Growth & Customers

How to choose the right performance metrics for your business

Business owner studying business insights

How tracking revenue goals alone can set your business up for failure

Every business is unique in the ways that it evaluates financial performance. In fact, a business’ core company metrics can change from year to year based on strategy. For example, businesses that compete on cost may focus more on efficiency and profit margins, while those that compete on customer experience may be more concerned with levels of customer satisfaction. However, there are some usual suspects we typically see on most businesses’ company performance scorecards: revenue or percentage of revenue goal achieved; free cash flow; profitability, or some calculation of revenues minus expense.

There is absolutely nothing wrong with evaluating these metrics, as long as you’re not using them alone in the way you evaluate or even predict, the success of your business.

Example: weight loss

It’s a common and simple thing for people to declare their weight loss goals, however, it is just as common for those goals to not be achieved. Why is weight loss such a difficult thing? It’s easy to say ‘I’m going to lose 15 lbs. in three months. So, I need to lose five lbs. each month for the next three months.’ What’s the error in this statement? It is incomplete.

If I monitor my weight alone, then I am using a backward-looking indicator of my weight loss goals. My weight is the result of the activities I have or have not done each day – the result of my lifestyle. It is not a measure that changes my lifestyle. So, while I may mentally try to keep up with things like the number of calories I consume and the amount of exercise I do, I am only monitoring my weight. If I weigh myself at the end of every month, I’m probably going to be surprised – and disappointed – by what the scale tells me. At the end of three months, I may not be at my target weight, or I may achieve it, but then in three months be right back where I am today.

To really lose 15 lbs. in three months, I need to monitor more than just my weight:

  1. Balance my caloric intake. I need to burn 3500 calories to lose one pound of fat. To lose one pound a week, I need to diet or exercise my way to a 500-calorie deficit per day.
  2. Increase my target heart rate during my workout. I can’t just do a low-intensity exercise for 30 minutes and expect to burn the calories I need to achieve my 500-calorie per day deficit. I need to ensure my workout is intense enough to burn the calories I need to burn.
  3. Maintain my body composition. What I don’t want to do in my process of losing weight is decrease muscle mass. I need to monitor my Body Mass Index (BMI).

In summary, the important thing for me to do to get from the weight I am now, to 15 pounds lighter is to monitor my performance against these indicative, proactive metrics. I’ve set targets for what my performance against those metrics should be, and can therefore on a daily basis monitor my performance against my overall weight loss goal. I’ve put metrics in place to allow me to be proactive about monitoring my overall weight loss goal and I can adjust when I’ve fallen off track.

So, in three months, there should be no surprises about whether or not I’ve lost 15 pounds.
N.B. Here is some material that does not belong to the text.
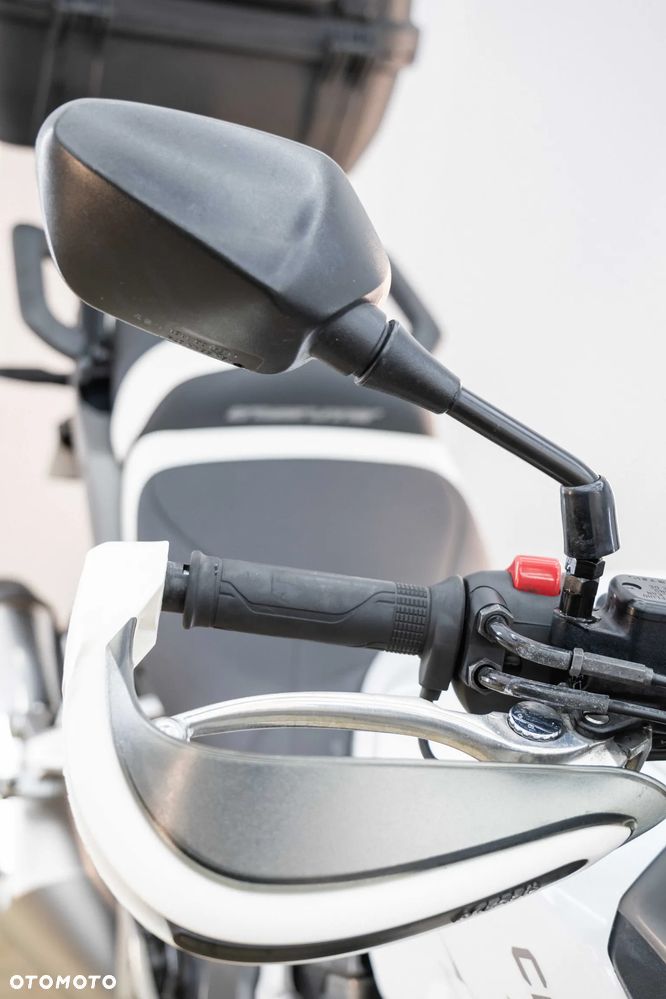 Honda VFR - 29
The danger in monitoring traditional metrics alone

In the same way, many businesses use traditional metrics like performance against revenue targets to determine if their business is successful. Every day, they get on the “scale” and see how their business is performing against its revenue goals. However, there are other metrics they should be monitoring so they know how they’ll perform against their revenue targets and can put action plans in place to course correct if it seems that revenue goals may be mixed. I share more about what those metrics are in my blog: The three types of financial indicators your business should be monitoring.

What if business leaders were to peel back the onion a bit and evaluate the areas of the business that lead to revenue gains, or cost control, or free cash flow? If they could establish metrics to tell them how those layers of the onion are performing, then they could almost predict performance metrics like cash flow and revenue gains. They’ll find that traditional company performance metrics:

  • Don’t allow them to be proactive and make necessary remediation to business performance so that financial results aren’t impacted.
  • Don’t allow them to be more precise in predicting cash flow and revenue so that there are no surprises later on.
  • Make it difficult for your teams to understand how their individual functions or departments contribute to overall company performance, ultimately meaning these teams don’t feel accountable for the end results.

Indicative, proactive business metrics allow business leaders to evolve beyond traditional financial performance metrics, giving them insights into how the business will ultimately perform.